Deltalake
An open format storage layer for your lakehouses
Delta Lake is an open source storage layer that enables building a Lakehouse architecture on top of data lakes. It provides functionalities to data in the data lake that only exist in data warehouses. When combined with cloud storage, Databricks and Delta Lake lead to the formation of a Lakehouse. A Lakehouse simply provides the best of both worlds – data lakes and data warehouses. In today's world, a Lakehouse provides the same set of capabilities as a traditional data warehouse and at a much lower cost. This is made possible due to cheap cloud storage such as Azure Data Lake/S3, Spark as the processing engine, and data being stored in the Delta Lake format.
Delta Lake guarantees data atomicity, consistency, isolation, and durability in the lake. In short, a Delta Lake is ACID compliant. In addition to providing ACID transactions, scalable metadata handling, and more, Delta Lake runs on an existing data lake and is compatible with Apache Spark APIs. Delta Lake also offers unifies streaming and batch data processing on top of existing data lakes, such as S3 and HDFS.
There are a few methods of getting started with Delta Lake. Databricks offers notebooks along with compatible Apache Spark APIs to create and manage Delta Lakes.
Specifically, Delta Lake offers:
- ACID transactions on Spark: Serializable isolation levels ensure that readers never see inconsistent data.
- Scalable metadata handling: Leverages Spark distributed processing power to handle all the metadata for petabyte-scale tables with billions of files at ease.
- Streaming and batch unification: A table in Delta Lake is a batch table as well as a streaming source and sink. Streaming data ingest, batch historic backfill, interactive queries all just work out of the box.

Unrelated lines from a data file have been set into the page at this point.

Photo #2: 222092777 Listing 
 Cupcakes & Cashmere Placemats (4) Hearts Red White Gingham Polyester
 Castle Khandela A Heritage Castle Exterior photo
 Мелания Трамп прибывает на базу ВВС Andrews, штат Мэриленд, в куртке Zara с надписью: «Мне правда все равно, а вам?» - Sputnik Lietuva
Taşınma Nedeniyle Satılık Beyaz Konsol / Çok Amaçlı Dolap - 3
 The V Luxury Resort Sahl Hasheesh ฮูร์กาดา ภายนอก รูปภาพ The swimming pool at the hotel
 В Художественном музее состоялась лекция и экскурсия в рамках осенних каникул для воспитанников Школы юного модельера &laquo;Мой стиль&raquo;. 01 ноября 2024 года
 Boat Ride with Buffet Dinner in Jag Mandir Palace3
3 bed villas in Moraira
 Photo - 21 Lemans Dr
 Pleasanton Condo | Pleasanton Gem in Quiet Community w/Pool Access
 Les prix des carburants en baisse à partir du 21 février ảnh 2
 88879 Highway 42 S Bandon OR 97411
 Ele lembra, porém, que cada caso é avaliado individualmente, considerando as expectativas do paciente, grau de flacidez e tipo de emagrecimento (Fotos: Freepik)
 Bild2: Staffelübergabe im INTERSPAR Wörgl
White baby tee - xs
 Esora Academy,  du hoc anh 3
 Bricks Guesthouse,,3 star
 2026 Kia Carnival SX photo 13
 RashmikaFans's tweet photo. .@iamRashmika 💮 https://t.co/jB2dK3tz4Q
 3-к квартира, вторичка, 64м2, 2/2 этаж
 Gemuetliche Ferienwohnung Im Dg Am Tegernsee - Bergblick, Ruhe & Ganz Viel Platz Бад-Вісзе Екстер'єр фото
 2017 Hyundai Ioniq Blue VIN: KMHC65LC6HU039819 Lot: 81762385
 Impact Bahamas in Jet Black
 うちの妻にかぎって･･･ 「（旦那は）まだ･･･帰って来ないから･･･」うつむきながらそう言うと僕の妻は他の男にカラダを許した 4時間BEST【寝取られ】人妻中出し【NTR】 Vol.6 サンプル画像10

- Schema enforcement: Automatically handles schema variations to prevent insertion of bad records during ingestion.
- Time travel: Data versioning enables rollbacks, full historical audit trails, and reproducible machine learning experiments.
- Upserts and deletes: Supports merge, update and delete operations to enable complex use cases like change-data-capture, slowly-changing-dimension (SCD) operations, streaming upserts, and so on.
An open-source storage format that brings ACID transactions to Apache Spark™ and big data workloads.
- Open format: Stored as Parquet format in blob storage.
- ACID Transactions: Ensures data integrity and read consistency with complex, concurrent data pipelines.
- Schema Enforcement and Evolution: Ensures data cleanliness by blocking writes with unexpected.
- Audit History: History of all the operations that happened in the table.
- Time Travel: Query previous versions of the table by time or version number.
- Deletes and upserts: Supports deleting and upserting into tables with programmatic APIs.
- Scalable Metadata management: Able to handle millions of files are scaling the metadata operations with Spark.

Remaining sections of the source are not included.